## What you should do
With images excluded, write out each entry below exactly as given.

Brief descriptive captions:
□ □ □ □

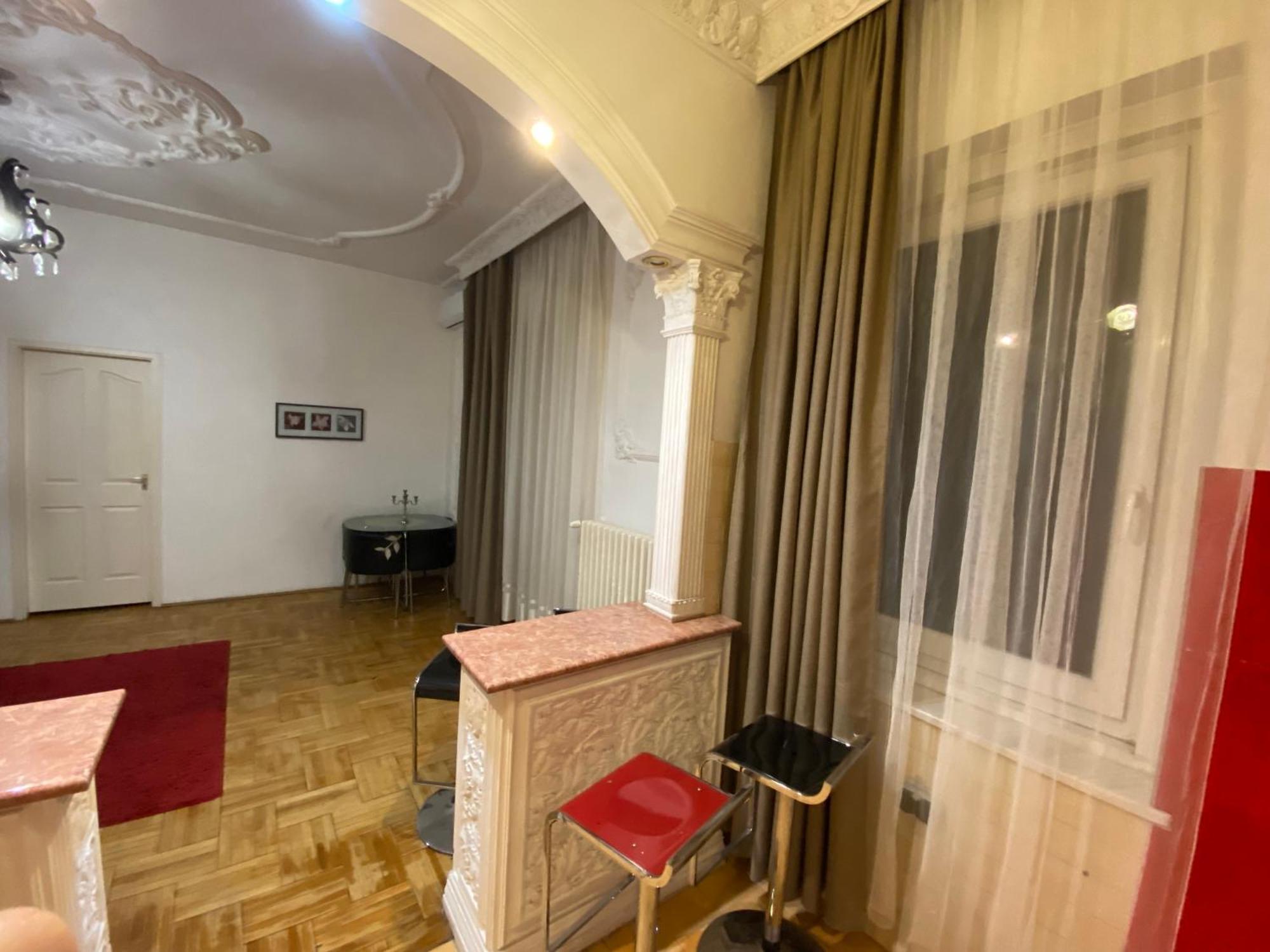 בודפשט Apartment And Rooms Heart Of The City מראה חיצוני תמונה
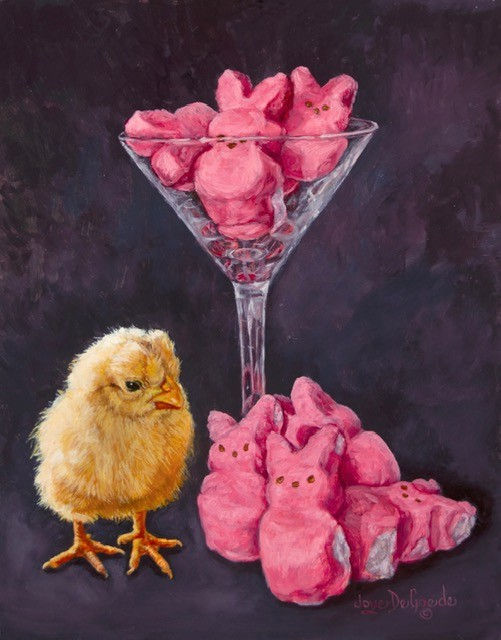 Peep-Tini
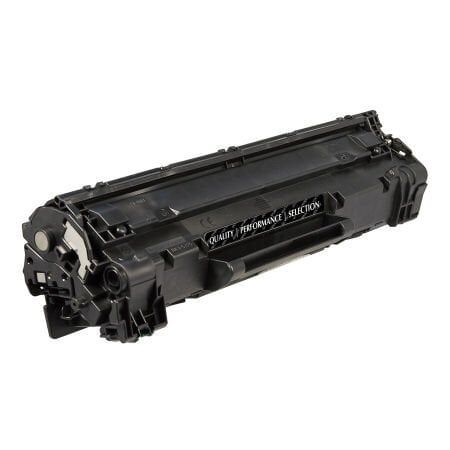 Canon CRG-726 Muadil Toner (3483B002) - 2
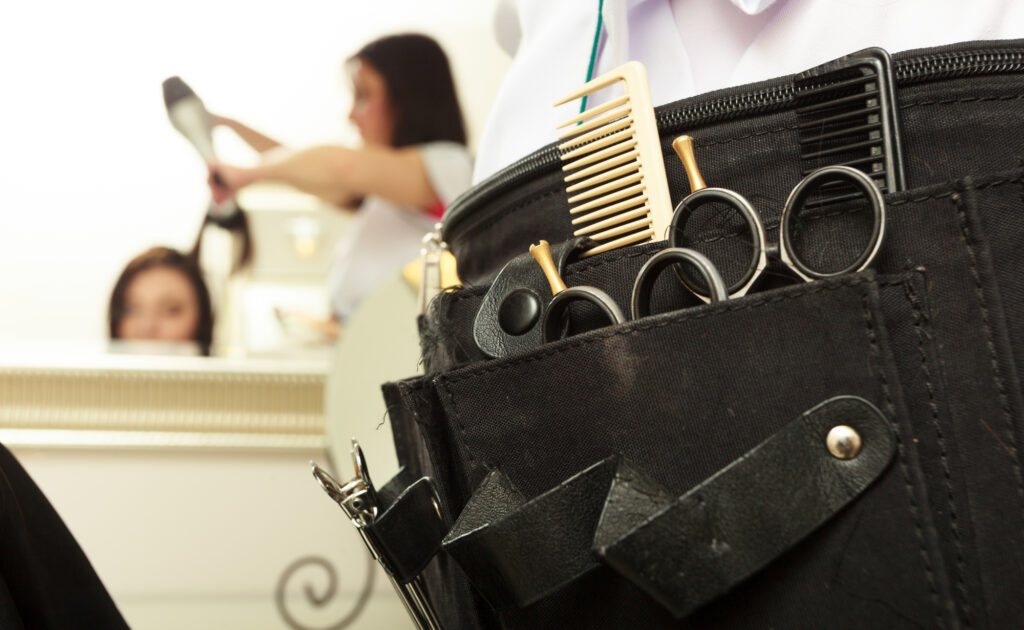 Equipment Tools Accessories Hairdresser in Hair Salon salon booths for rent 8 things you must consider before renting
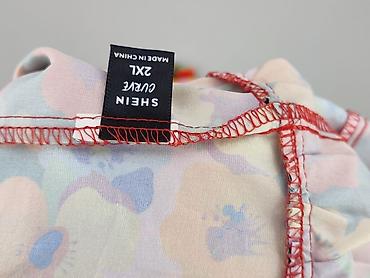 shein 18: Shein Curve, Sukienka damska, rozmiar 2XL — 5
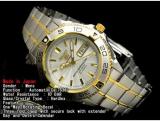 SEIKO Seiko 5 Sport 5 Sports Japan-Made self-Winding Watch Men SNZB24J1 (Parallel Import)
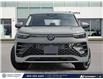 2026 Volkswagen Tiguan Highline Turbo R-Line (Stk: MU5977) in Calgary - Image 2 of 25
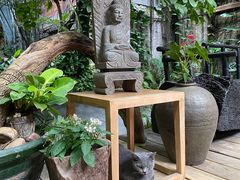 -The Flowers Coffee(南山店)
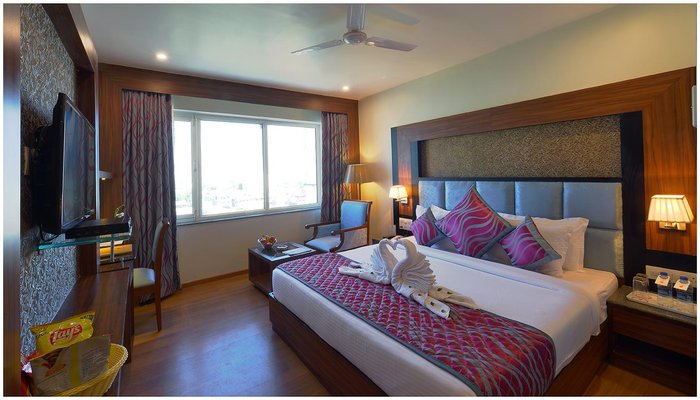 Hotel Shri Ram Empire - Updated 2024 Prices & Reviews (jodhpur, India)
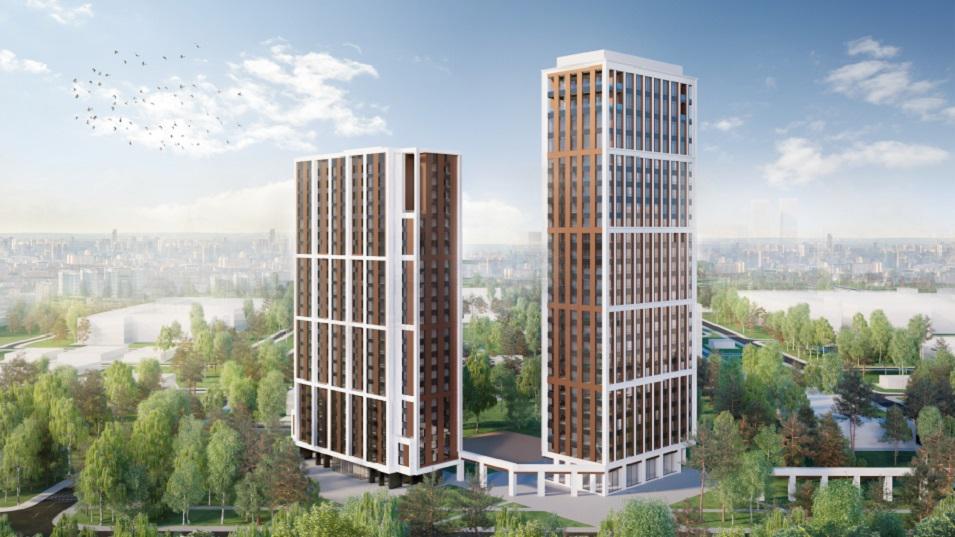 房地产在 Trend — look at the real estate search engine GEOLN.COM. 照片 1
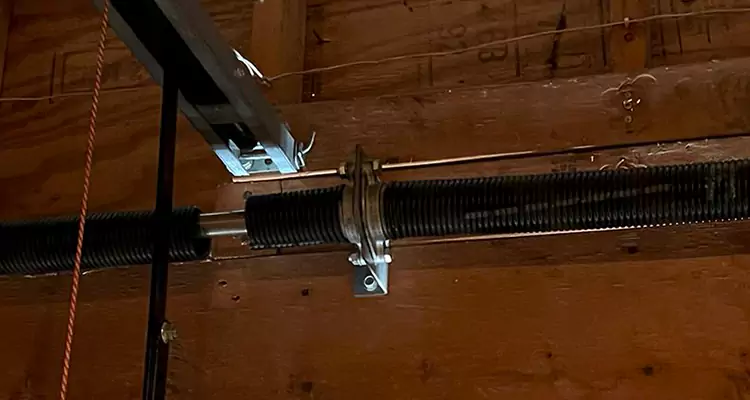 Garage Door Lift Cable Replacement in Florida Ridge, FL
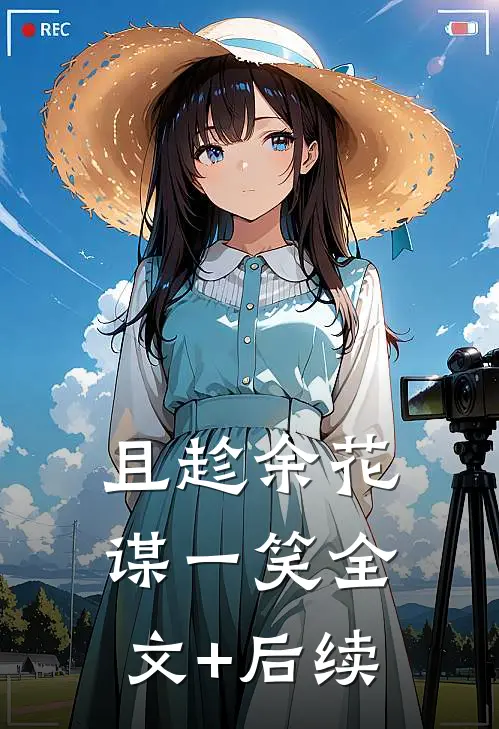 且趁余花谋一笑全文+后续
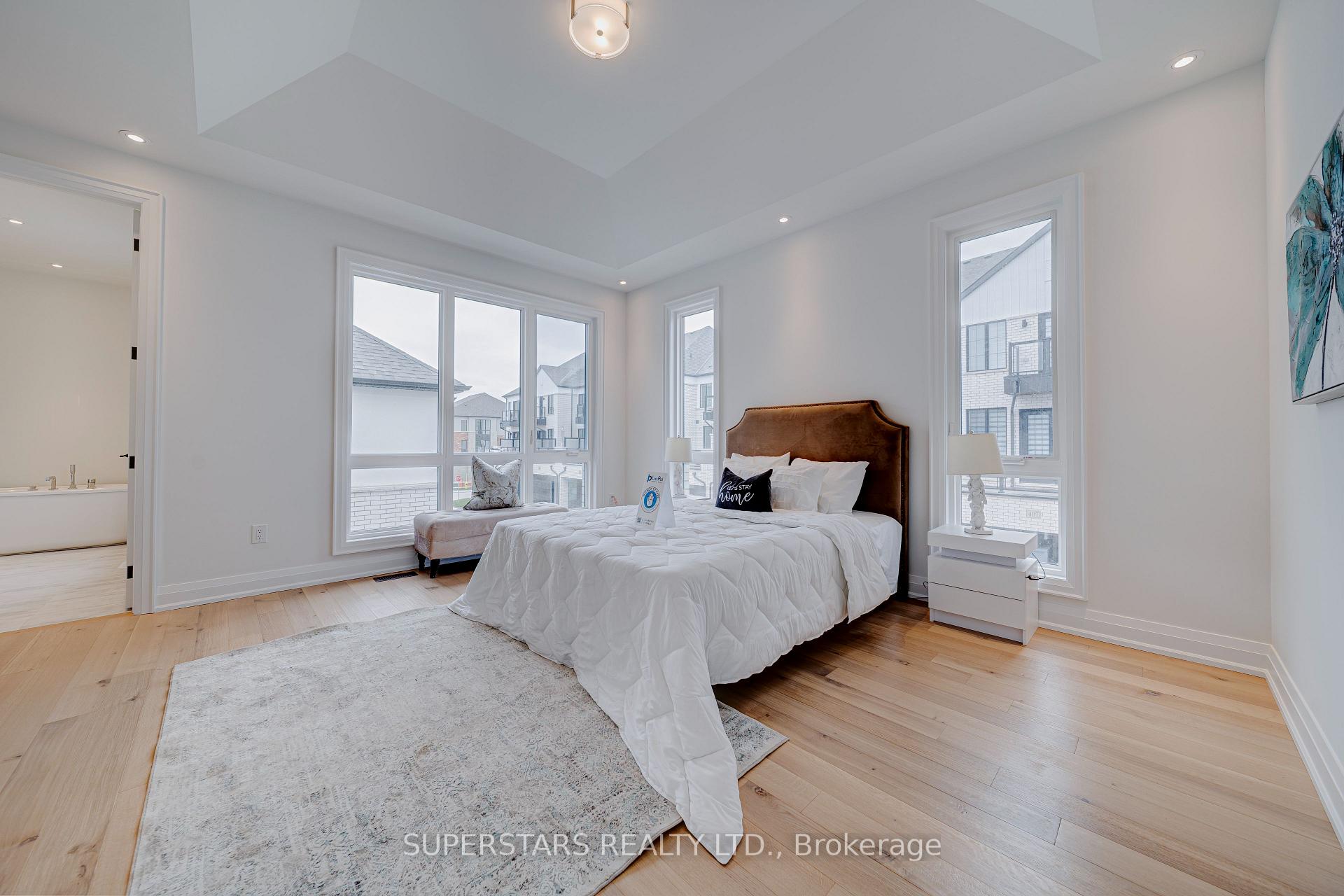 Photo 17 of 5 Mindful Avenue, Markham, Cachet — HOMEH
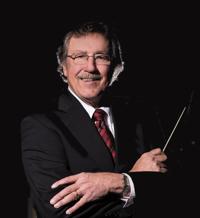 Expect crashing, booming and excitement at Civic Orchestra of Tucson concerts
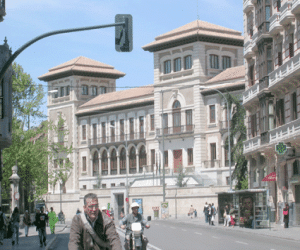 Calendario Escolar, 2005/2006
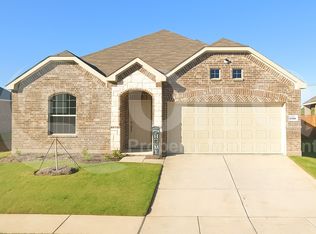 4849 Sagerun Dr, Princeton, TX 75407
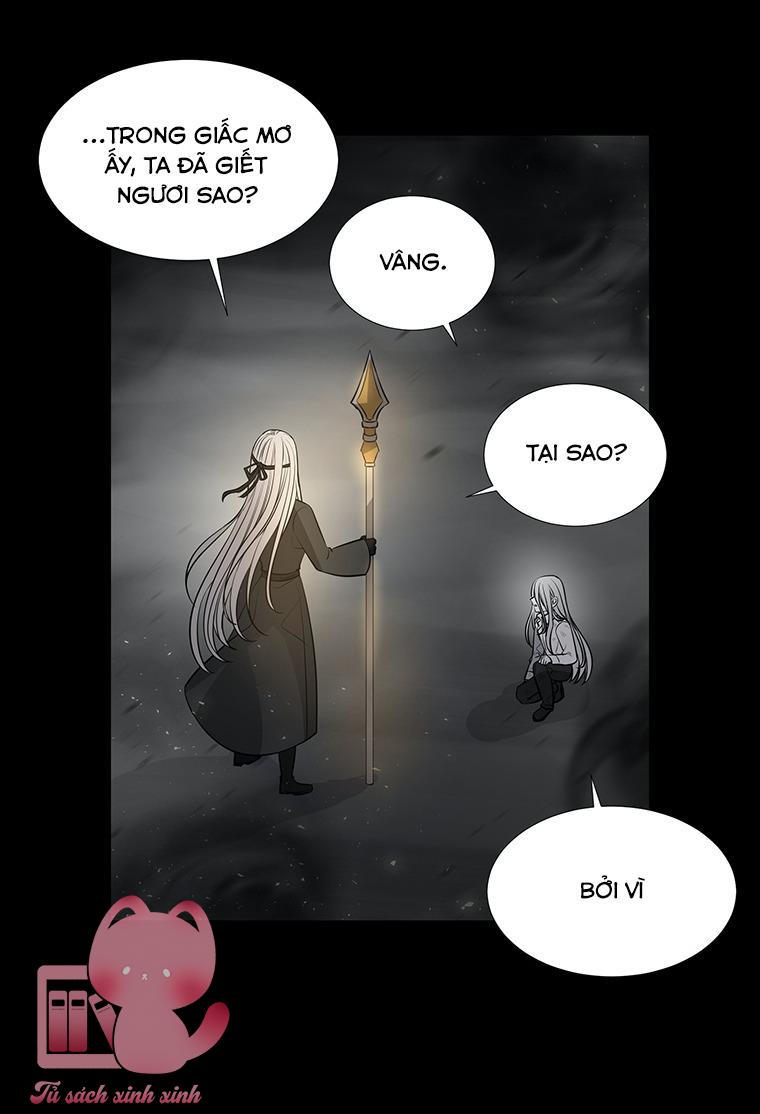 Charlotte Và Ngũ Đại Đồ Đệ - Chap 120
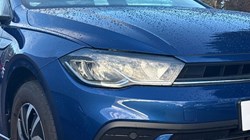 2024 (74) VOLKSWAGEN POLO 1.0 Life 5dr 4900789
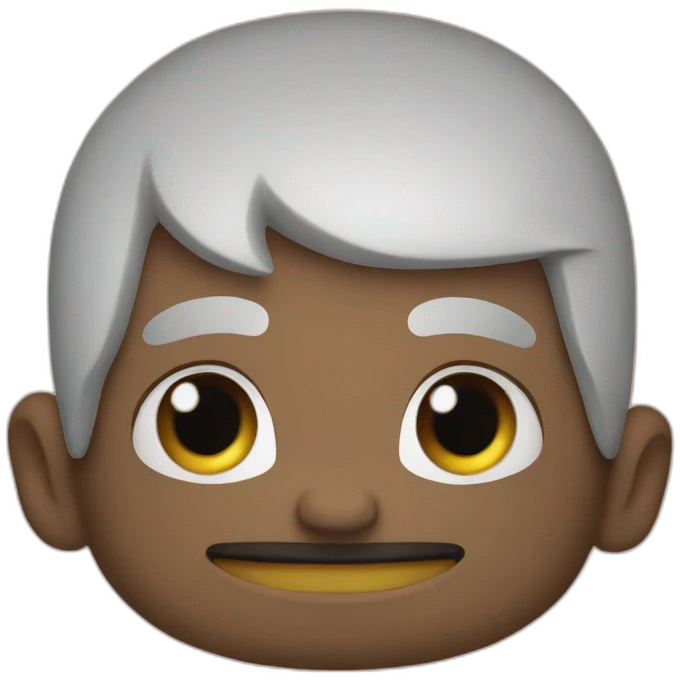 Tmk emoji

□ □ □ □

## Solution
 בודפשט Apartment And Rooms Heart Of The City מראה חיצוני תמונה
 Peep-Tini
 Canon CRG-726 Muadil Toner (3483B002) - 2
 Equipment Tools Accessories Hairdresser in Hair Salon salon booths for rent 8 things you must consider before renting
 shein 18: Shein Curve, Sukienka damska, rozmiar 2XL — 5
 SEIKO Seiko 5 Sport 5 Sports Japan-Made self-Winding Watch Men SNZB24J1 (Parallel Import)
 2026 Volkswagen Tiguan Highline Turbo R-Line (Stk: MU5977) in Calgary - Image 2 of 25
 -The Flowers Coffee(南山店)
 Hotel Shri Ram Empire - Updated 2024 Prices & Reviews (jodhpur, India)
 房地产在 Trend — look at the real estate search engine GEOLN.COM. 照片 1
 Garage Door Lift Cable Replacement in Florida Ridge, FL
 且趁余花谋一笑全文+后续
 Photo 17 of 5 Mindful Avenue, Markham, Cachet — HOMEH
 Expect crashing, booming and excitement at Civic Orchestra of Tucson concerts
 Calendario Escolar, 2005/2006
 4849 Sagerun Dr, Princeton, TX 75407
 Charlotte Và Ngũ Đại Đồ Đệ - Chap 120
 2024 (74) VOLKSWAGEN POLO 1.0 Life 5dr 4900789
 Tmk emoji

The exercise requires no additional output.